The Ethiopian government had a veneer of democracy, including an elected parliament. Haile Selassie had initiated efforts at modernization, including providing education to a largely illiterate populace…. William Hershey writes
By William Hershey (Akron Beacon Journal) |
COLUMBUS, OH―President Donald Trump’s outspoken support for the protesters in Iran brought back memories of half a century ago when hundreds of Peace Corps teachers in Ethiopia, including me, were confronted with a dilemma.
For Trump, the concern is that the president’s bellicose tweets could backfire and give Iranian authorities an excuse to blame the protests on the Americans, still regarded as evil even by some critics of the regime.
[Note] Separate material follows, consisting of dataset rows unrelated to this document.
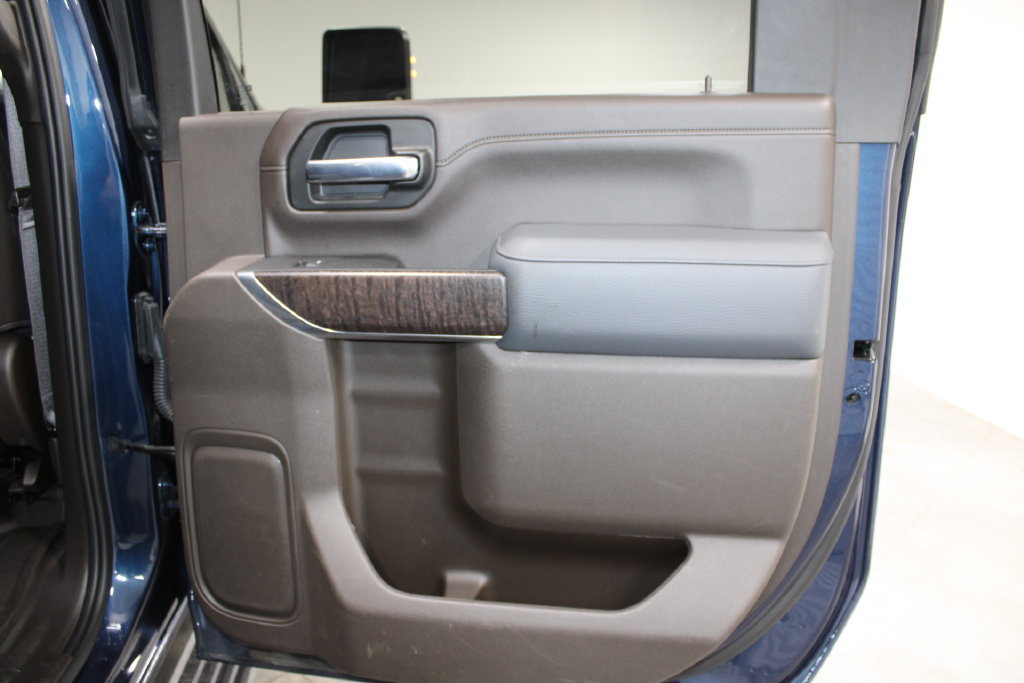 Used 2022 GMC Sierra 2500 Denali w/ Denali Ultimate Package AWD/4WD image 27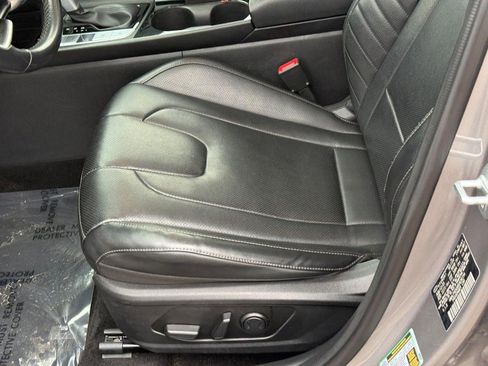 Used 2024 Hyundai Elantra Limited image 18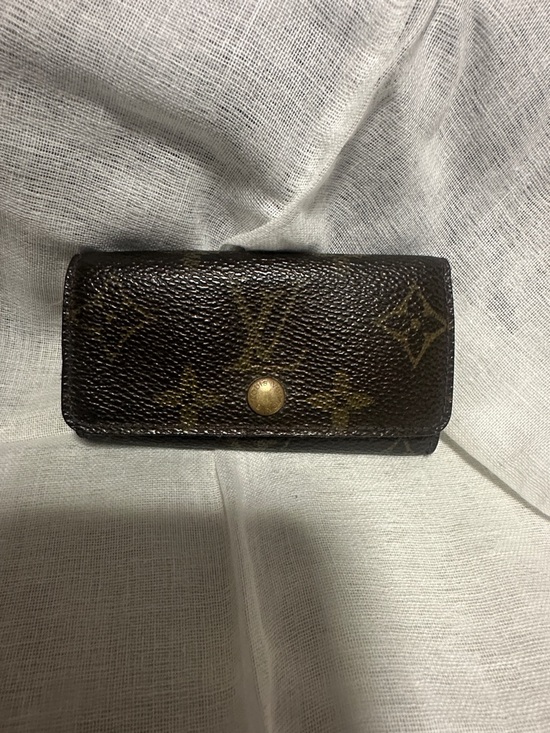 Louis Vuitton Accessories - Louis Vuitton Monogram Canvas Key & Card Holder Dark Brown w/Gold Hardware 💯%
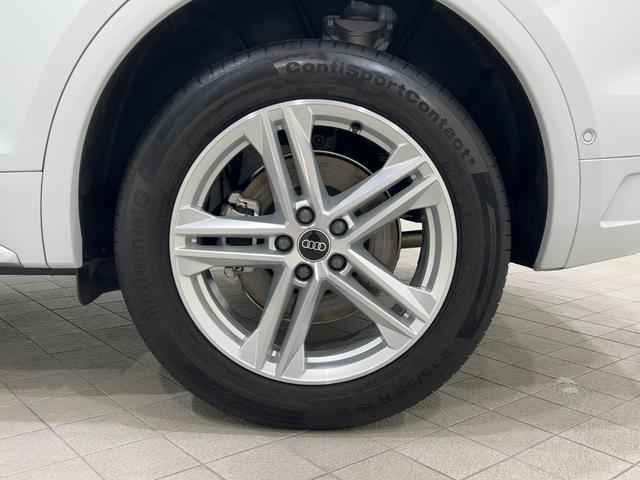 Ｑ５ ４０ＴＤＩクワトロ　Ｓライン　プライバシーガラス／純正ＴＶ／Ｓライン＋パッケージ（アーティフィシャルインテリアレザー／シートヒーター前後／アコースティックガラス前サイド）／スポーツシートダイナミカレザー／ブラックグラスパネル（40枚目）
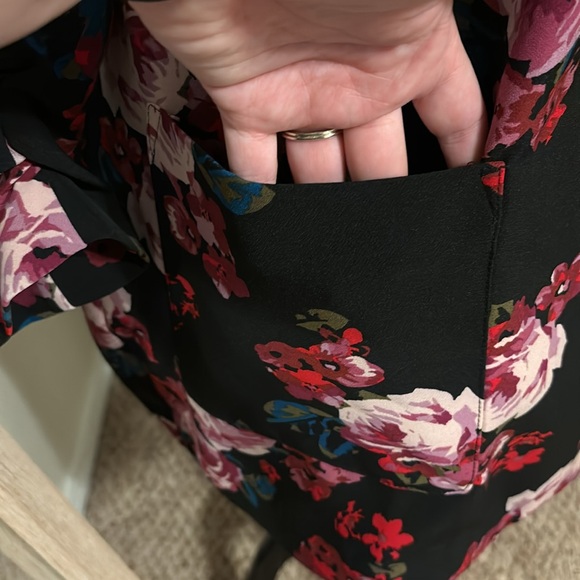 Dressy Floral Blazer 🌸 - Picture 2 of 6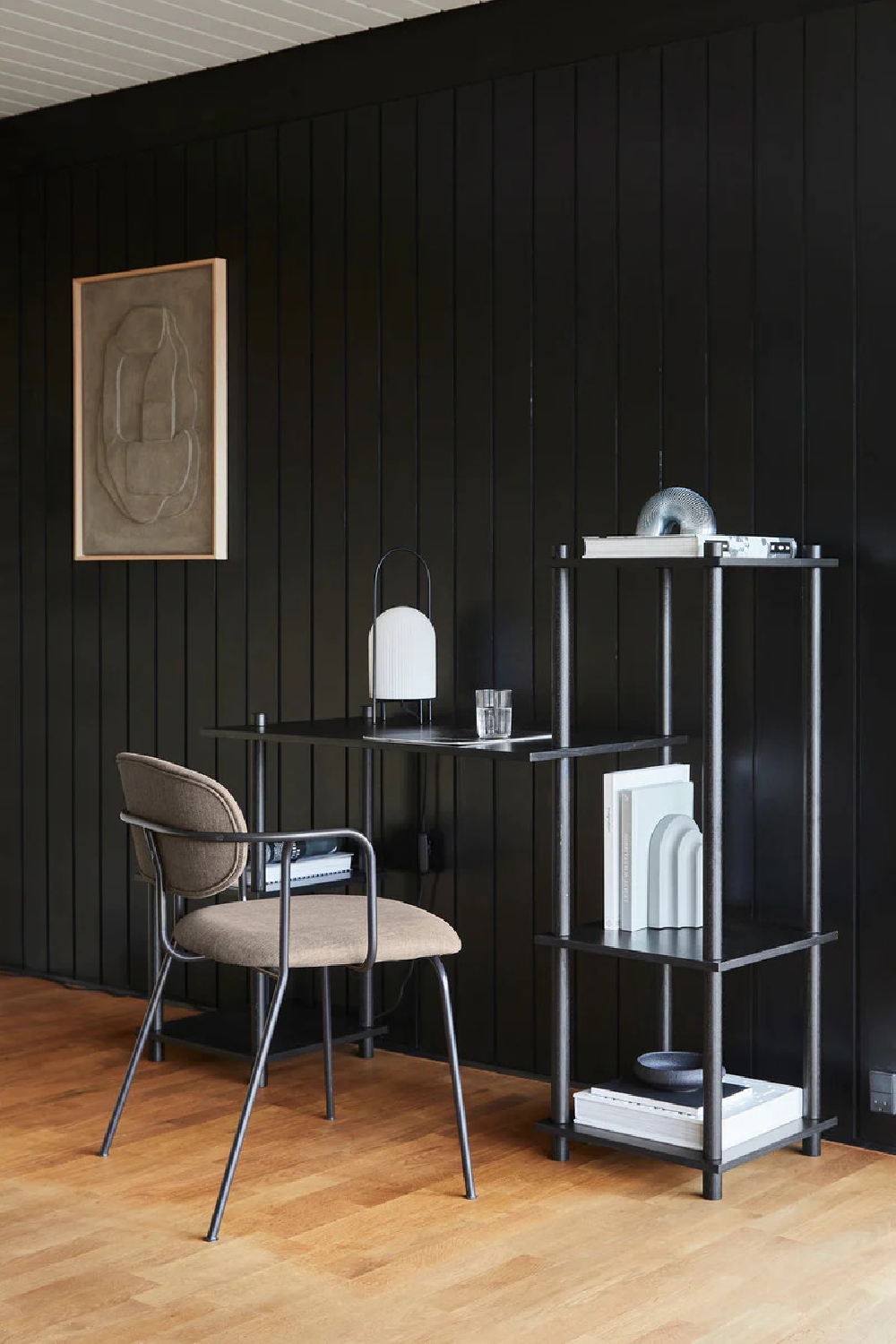 White Glass Contemporary Table Lamp | WOUD Ghost、mySite、neckold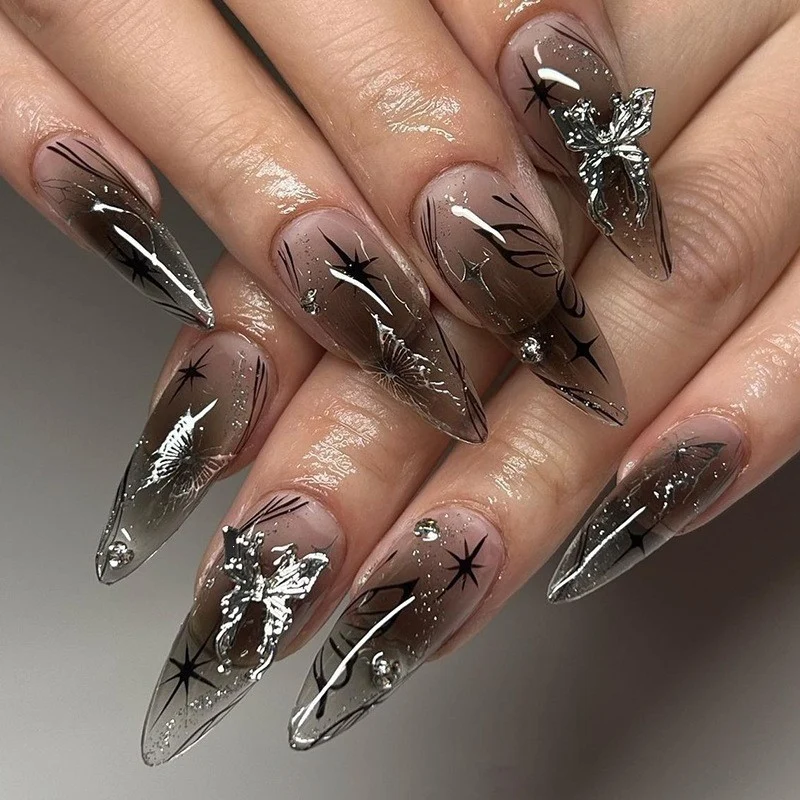 Kunstnagelset mit eleganten, kreativen Designs und funkelnden Akzenten Karnz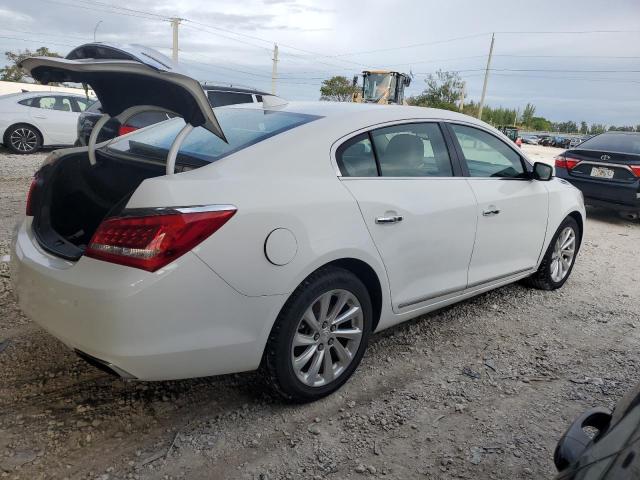 Obraz 3 z 2016 BUICK LACROSSE  2016 z VIN 1G4GB5G39GF103538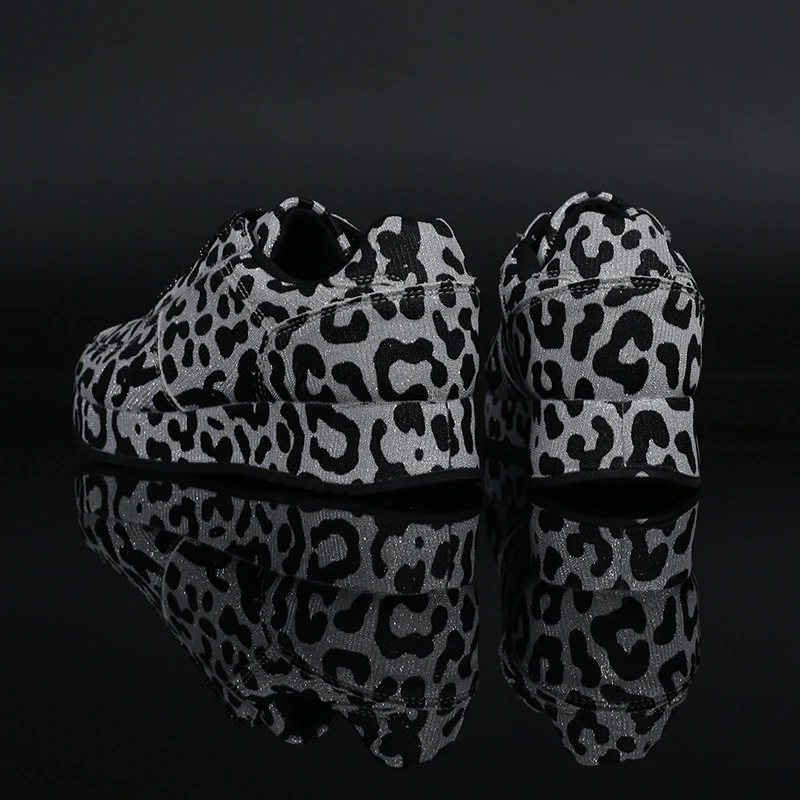 Женская обувь с леопардовым принтом повседневные низкие кроссовки на шнуровке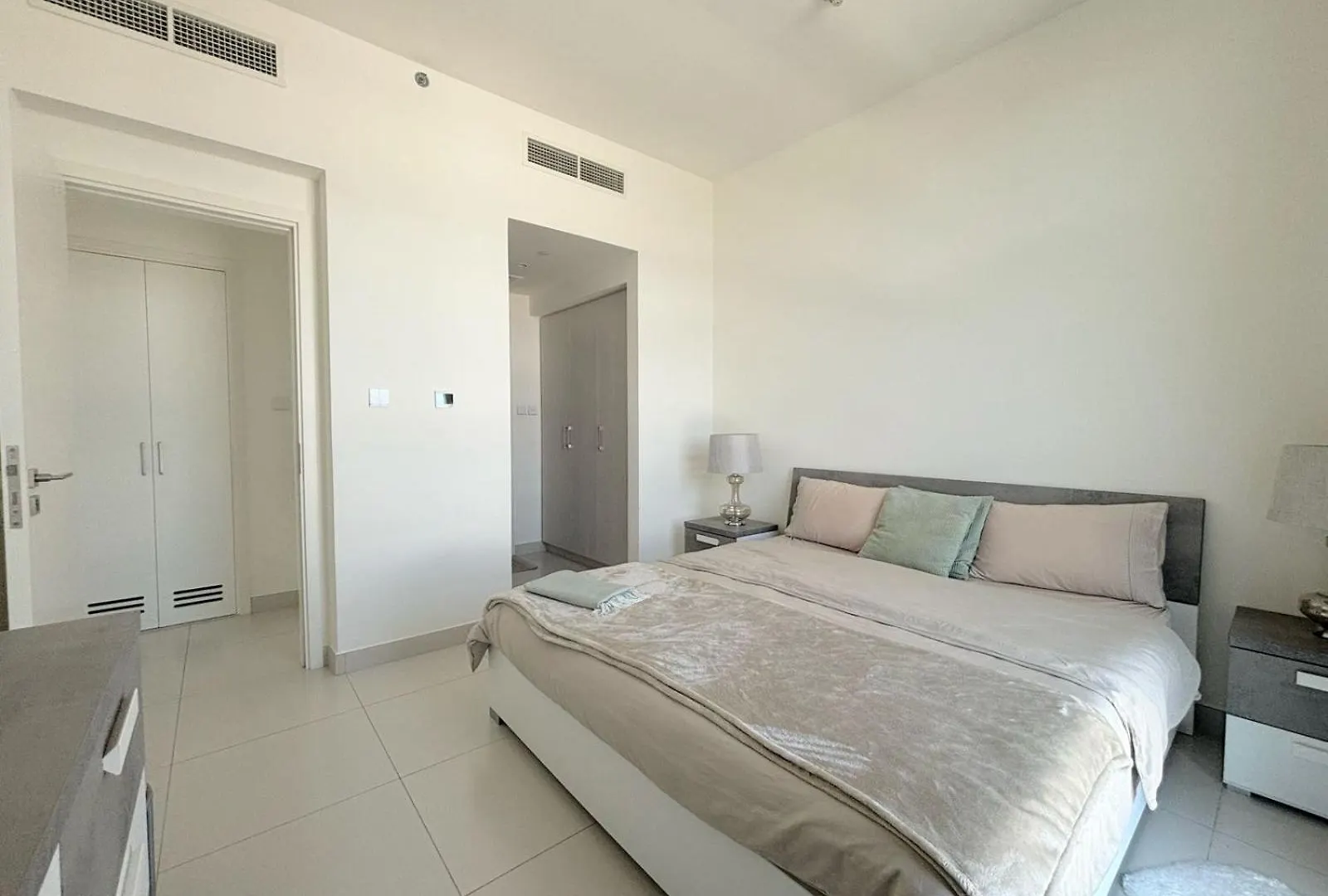 Charming 3 Bedrooms Apartment In Dubai Hills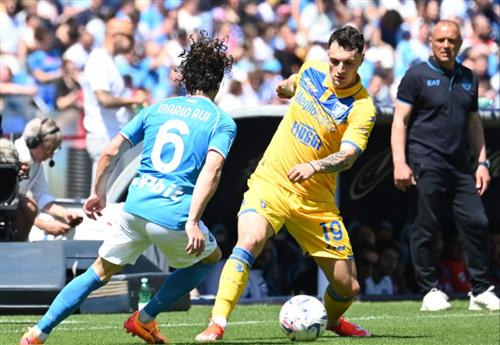 Napoli gegen Frosinone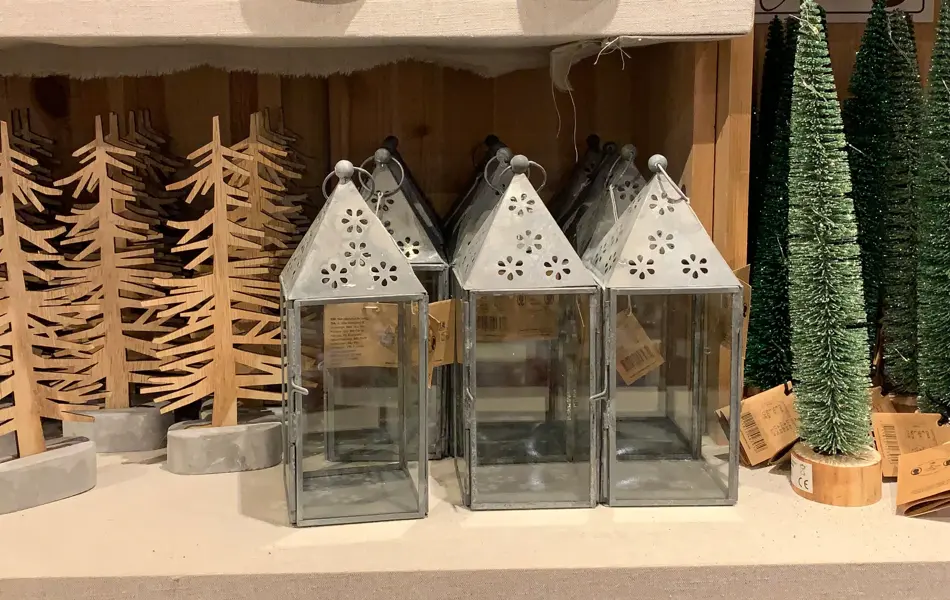 hylle med lyslykter og pyntetrær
In Ethiopia, the challenge was whether to stick to our assigned tasks — mostly teaching English, a key to further education and jobs — or also to provide our students with a vision of a society that could provide more freedom and opportunities than theirs.
I was the only foreigner on the faculty and mostly stuck to teaching but also pulled off a dirty clothes subterfuge. More about that later.
When we landed in Addis Ababa, the Ethiopian capital, in 1968, we were transported back in time to a feudal regime ruled by Emperor Haile Selassie, King of Kings, Lord of Lords and Conquering Lion of the tribe of Judah.
The emperor’s picture was everywhere, in public buildings, bars and restaurants. He was not just Haile Selassie, but His Imperial Majesty Haile Selassie.
The Ethiopian government had a veneer of democracy, including an elected parliament. Haile Selassie, a hero to many around the world for his country’s resistance to Italy in World War II, had initiated efforts at modernization, including providing education to a largely illiterate populace.
Still, the emperor and his allies lived lives of unbelievable luxury in a country where many people struggled to survive.
Our guidance from Peace Corps officials was clear. We were guests of the Ethiopian government, feudal or not, and encouraged to keep political opinions to ourselves.